Time-marked pages of a dusty pioneer journal speak movingly: "We bowed ourselves down in humble prayer to Almighty God with hearts full of thanksgiving to Him, and dedicated this land unto Him for the dwelling place of His people."
The crude homes were described in these terms by one who was there as a small boy: "There was no window of any kind whatever in our house. Neither was there a door. My mother hung up an old quilt, which served as a door for the first winter. This was our bedroom, our parlor, our sitting room, our kitchen, our sleeping room, everything in this room of about 12 by 16 feet. How in the world we all got along in it I do not know. I recollect that my dear old mother stated that no queen who ever entered her palace was ever more happy or proud of shelter and the blessings of the Lord than was she when she entered that completed dugout."

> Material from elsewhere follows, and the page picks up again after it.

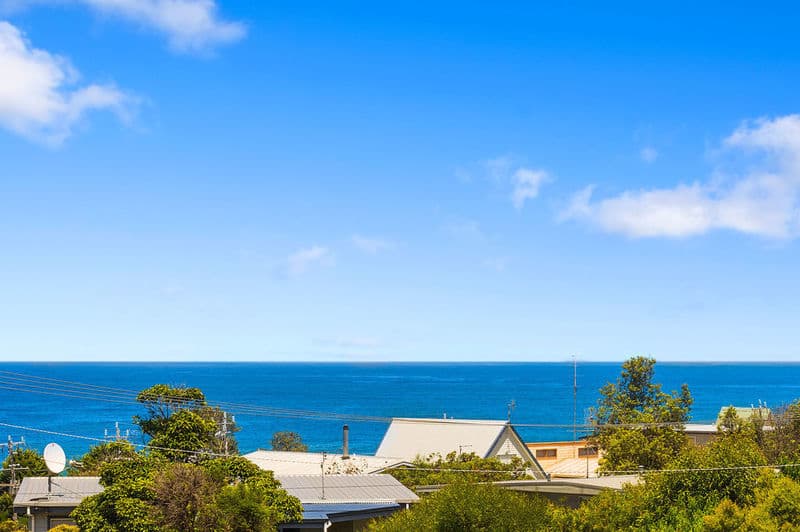 9 Bass Crescent SKENES CREEK VIC, Skenes Creek - Thumbnail 2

Such were the trials, the hardships, struggles, and heartaches of a former day. They were met with resolute courage and an abiding faith in a living God. The words of their prophet-leader provided their pledge: "And this shall be our covenant-that we will walk in all the ordinances of the Lord." (D&C 136:4.)

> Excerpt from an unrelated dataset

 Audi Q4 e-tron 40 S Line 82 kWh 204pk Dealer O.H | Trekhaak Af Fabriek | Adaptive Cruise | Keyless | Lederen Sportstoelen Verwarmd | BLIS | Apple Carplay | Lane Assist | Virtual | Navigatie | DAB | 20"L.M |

The passage of time dims our memories and diminishes our appreciation for those who walked the path of pain, leaving behind a tear-marked trail of nameless graves. But what of today's challenge? Are there no rocky roads to travel, no rugged mountains to climb, no chasms to cross, no trails to blaze, no rivers to ford? Or is there a very present need for that pioneer spirit to guide us away from the dangers that threaten to engulf us, and lead us to a Zion of safety? ("Come, Follow Me," Ensign, July 1988, 2, 4)

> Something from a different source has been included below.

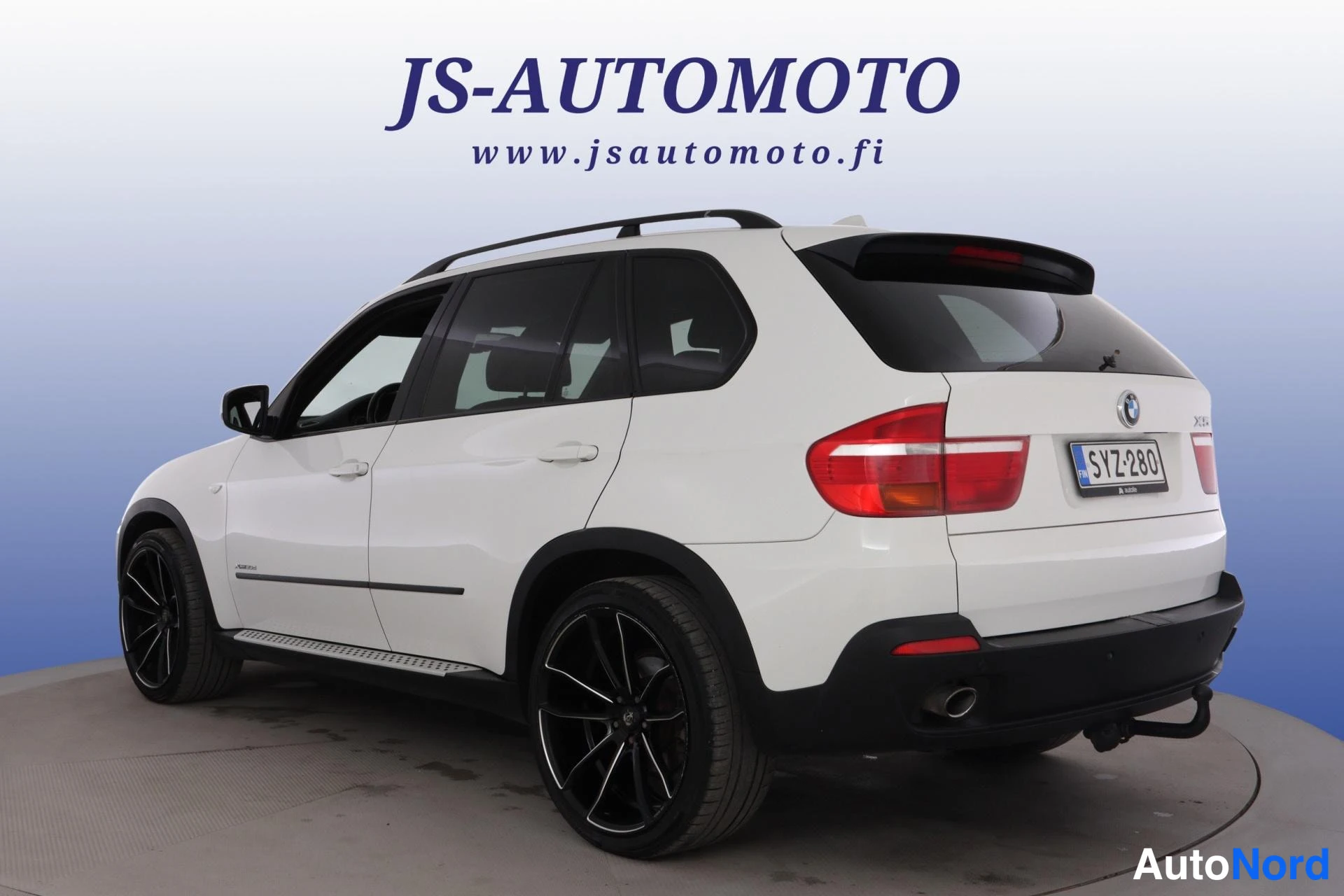 Valkoinen BMW X5 2010, takaviisto, kuva 6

DC 136:32 Let him that is ignorant learn wisdom
Marion G. Romney
One of the best ways to learn the gospel is to search the scriptures. Our purpose in urging all bearers of the Melchizedek Priesthood to read the Book of Mormon is that they may learn more about the gospel. One cannot sincerely study the Book of Mormon without learning gospel truths, because it contains "the fulness of the gospel of Jesus Christ to the Gentiles and to the Jews also" (D&C 20:9). So impressed was the Prophet Joseph with it that he "told the brethren that the Book of Mormon was the most correct of any book on earth, and the keystone of our religion, and a man would get nearer to God by abiding by its precepts, than by any other book" (History of the Church, 4:461).
Learning the gospel from books, however, is not enough. It must be lived by one who would magnify his calling in the priesthood. As a matter of fact, getting a knowledge of the gospel and living it are interdependent. They go hand in hand. One cannot fully learn the gospel without living it. A knowledge of the gospel comes by degrees. One learns a little, obeys what he learns, learns a little more, obeys that, and repeats this cycle in an endless round. Such is the pattern by which one can move on to a full knowledge of the gospel. ("The Oath and Covenant Which Belongeth to the Priesthood," Ensign, Nov. 1980, 44)
DC 136:33 my Spirit is sent forth into the world to enlighten the humble and contrite
James E. Faust
Humility is all about keeping one's balance. For example, when you receive a compliment, receive it graciously, but don't let it go to your head. You young ladies have learned much, but you have more to learn. A person who is humble is teachable. Indeed, the Lord has promised, "For my Spirit is sent forth into the world to enlighten the humble and contrite." (D&C 136:33) One of my favorite sayings is this: "Learn to say, 'I don't know.' If used when appropriate, it will be often." ["Rumsfeld's Rules," Parade Magazine, 18 Nov. 2001, 9] ("The Virtues of Righteous Daughters of God," Ensign, May 2003, 108)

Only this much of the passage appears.